その頃には、すっかりサラは敬人に惚れていた。
「ねぇ、敬人くん」
帰り際。
生徒玄関を出ようとした敬人に、サラは追いかけていき声をかけた。
「ん? なんだ?」
「私、敬人が好きになっちゃったの! 私と付き合って!」
「――ハッ、オマエも御白財閥の金目当てなのか?」
呆れたように、吐き捨てるように敬人が言う。するとサラが大きく首を振った。
「ううん。さっきの総合学習の時、凄かったなって思ったの。リーダーシップ、最高。あんなの敬人くんにしか出来ないもの。かっこよかったの!」
「っ、ボクは将来系列企業を束ねる御白財閥の当主になるんだ。だからこれくらいのことなど、お茶の子さいさいじゃないと」
ツンっとして、ぷいっと顔を背けた敬人であるが、褒められて嬉しくないわけではなかった。ただ、根が真面目な敬人としては、何故最初から皆が真面目にやらないのかという苛立ちがないわけでもなかった。
「そうなのね。一緒に帰ってくれる?」
「ボクには送迎の車があるし、運転手も待っている。それより、付き合うというのは本気なのか?」
「ええ、勿論!」
「……別に構わないぞ。ボクにはいけ好かない婚約者がいるんだけどな、彼女との将来は見えない。だから、お試しであれば、婚約者がいるのを前提にしてなら付き合ってもいい」
敬人の言葉に、パァァっとサラの顔が明るくなった。
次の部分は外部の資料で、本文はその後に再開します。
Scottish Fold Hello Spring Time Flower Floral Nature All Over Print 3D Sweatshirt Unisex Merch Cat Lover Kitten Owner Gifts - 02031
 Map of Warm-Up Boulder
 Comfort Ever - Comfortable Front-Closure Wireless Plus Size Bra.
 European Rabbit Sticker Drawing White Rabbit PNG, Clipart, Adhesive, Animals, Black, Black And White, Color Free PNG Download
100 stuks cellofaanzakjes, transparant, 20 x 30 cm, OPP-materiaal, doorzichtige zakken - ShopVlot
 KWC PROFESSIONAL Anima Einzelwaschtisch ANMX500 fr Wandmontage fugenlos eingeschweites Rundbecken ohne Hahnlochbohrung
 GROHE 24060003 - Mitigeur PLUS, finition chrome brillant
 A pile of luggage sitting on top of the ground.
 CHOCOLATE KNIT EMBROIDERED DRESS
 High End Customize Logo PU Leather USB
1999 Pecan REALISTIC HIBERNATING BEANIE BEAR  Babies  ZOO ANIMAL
頬に朱を差している。
「これから宜しくお願いします!」
「それで、付き合うとは何をするんだ? ボクが考えていいのか? 一応サラくんの希望を聞こう」
「えっと……あ! お家デートがしたな。今日お兄ちゃんが早く帰ってるはずだから、おやつも用意して貰える日だし」
「ふん。いいだろう」
と、こうして二人は、加納家へと、敬人の家の車で向かった。
中へと入ると、ひょいと歩夢が顔を出した。
「いらっしゃい。ええと――……お友達? 彼氏?」
「敬人くんは、私の彼氏なのよ!」
「……彼氏よりの友達です」
敬人がボソっと言った。歩夢は敬人の言葉の方が正しいような気がしたが、妹の言葉を否定することもせず、リビングに二人を案内した。そしてシフォンケーキに生クリームを添えて、二人に差し出した。紅茶も淹れる。
「美味いな」
「でしょう? お兄ちゃん、本当に上手なの」
「ボクの許婚もこういうのが好きなんだ」
「ふぅん。作ってもらうの?」
「ボクも許婚も、パティシエが作って差し出してくれる立場の人間だ。ただ……ボクの許婚は自分でやるのも好きみたいだ。それを逆に使用人に振る舞ったり。彼女は優しすぎる。財閥のトップの妻としては相応しくない!」
語調を強めた敬人に対し、サラが首を傾げる。
「私は、誰かのことを思って作るって、凄いことだと思うわ。私は作れないけど。お兄ちゃんのお菓子も大好きだし」
「うーん。お菓子作りと紅茶は沼だからね。コアな趣味というか。許婚さんが好きなら、そこまで束縛しなくてもいいんじゃないかな?」
歩夢が苦笑している。
しかし敬人は不服そうだ。
「どうせ俺には理解不能なんだ。歳を取ると分かるのか?」
その時ドアの開く音が響き、リュウトが帰ってきた。
「え? 許婚がいて年上なの? お姉さん? 可愛い?」
「う、うるさい。か、かわ……えっと……」
敬人が口ごもる。照れているようだ。
「ちょっとぉ、サラの彼氏なの!」
「え? サラに彼氏? 見る目ないね!」
頬を膨らませたサラと目を丸くしているリュウト。そこからは、四人での会話となった。主に敬人の許婚の話をしていた。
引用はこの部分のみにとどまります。